* [Exercise instructions]: Nothing but the text belongs in the answer: the listing below, copied exactly, without pictures.

* [Data shown]:
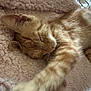 cat, kitten, sleeping, ginger, tabby, paw, furry, closeup, cozy, blanket, soft, nap, fur, stretching, cute, pet, animal, indoor, relaxed, comfort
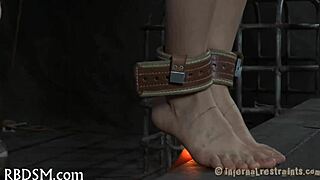 sadomasochism hardcore porn video description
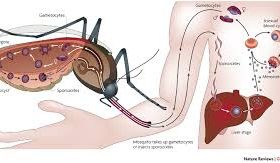 २०२५ भित्र नेपाललाई औलोमुक्त राष्ट्र बनाउने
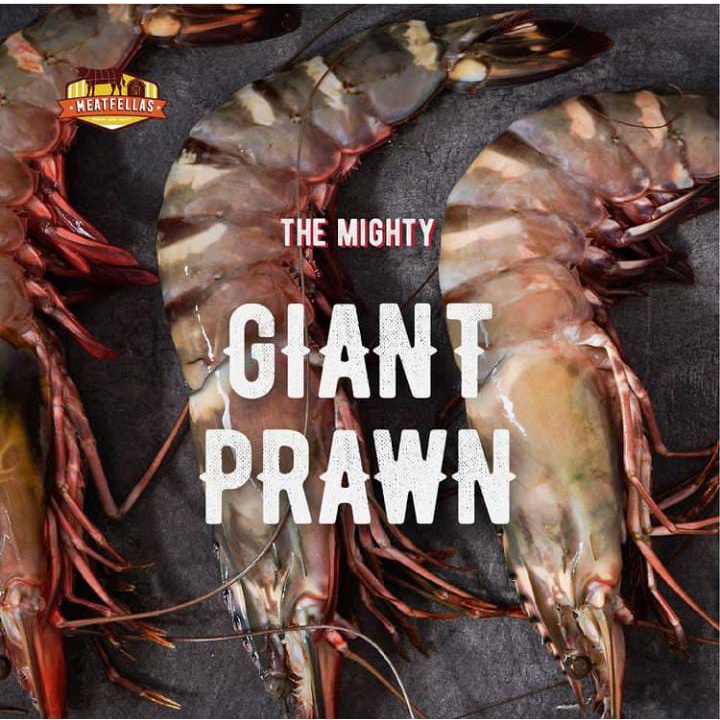 

Giant Black Tiger Prawn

* [Output]:
 cat, kitten, sleeping, ginger, tabby, paw, furry, closeup, cozy, blanket, soft, nap, fur, stretching, cute, pet, animal, indoor, relaxed, comfort
 sadomasochism hardcore porn video description
 २०२५ भित्र नेपाललाई औलोमुक्त राष्ट्र बनाउने

Giant Black Tiger Prawn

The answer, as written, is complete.